Analysis: How can you build mobile updates into your BYOD policy?
All smartphone users are familiar with the update process: every so often, your device will get an update sent through which could change the user interface visually or alter the controls.
What a lot of people aren’t aware of is how what seems to be an aesthetic change to the device often contains patches that will clean up security vulnerabilities in the software.
This is all well and good in the consumer world; it’s up to people how secure they want their device to be and it is their responsibility to ensure that it is kept secure. If they don’t accept the update, it’s their problem.
However, in the occasionally murky world where consumer and enterprise mobile intersect, the issues of responsibility are less defined.
Especially in a Bring Your Own Device (BYOD) environment, an employee may choose not to install a vital update that deals with an essential vulnerability.
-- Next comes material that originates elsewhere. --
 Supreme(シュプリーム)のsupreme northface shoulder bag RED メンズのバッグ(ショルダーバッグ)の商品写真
If this employee then uses this mobile device to access vital corporate information, the business has been exposed to a risk that it could not directly have mitigated.
This comes in the wake of recent research showing how lax employees actually are in updating their devices.
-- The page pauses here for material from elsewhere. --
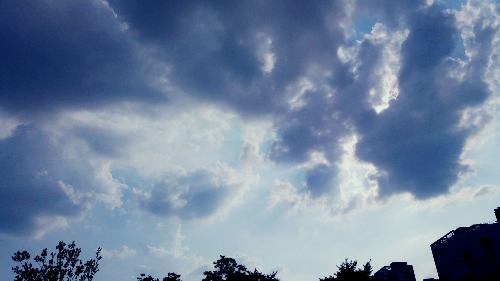 여름 하늘 이미지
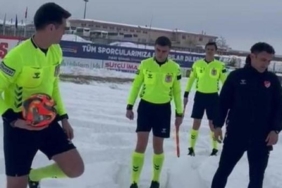 maca-kar-engeli-stadyum-karla-kaplandi-karsilasma-ertelendi-JjDC3VZe.jpg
Access security provider Duo Security analysed data from its installed base of over 1 million mobile devices and found that over 90 percent of Android devices were running out-of-date versions of the operating system.
32 percent of devices in use were running version 4.0 or older, meaning that they were vulnerable to the well-publicised vulnerability from last year, Stagefright.
Only 6 percent of Android devices were running the latest version of the operating system and only 20 percent of iOS devices.
This is not just specific to operating systems. Duo Labs found that 32 percent of employees were using outdated versions of Internet Explorer, which has had 160 new vulnerabilities discovered in the last three years, and 22 percent of devices had outdated version of Java, with over 250 known vulnerabilities.
As HPE’s Cyber Risk Report 2016 explains: "While vendors continue to produce security remediations, it does little good if they are not installed by the end user.
"Applying patches in an enterprise is not trivial and can be costly – especially when other problems occur as a result."
As with most things security-related, Apple devices have something of an advantage in this regard.
Wolfgang Kandek, CTO at Qualys says that the user experience and approach of Apple has "helped everyday users get more familiar and comfortable with running their own updates over time."
Added to this, Apple exercises direct control over updates for all Apple devices, which due to the fragmentation of Android devices has not been replicable.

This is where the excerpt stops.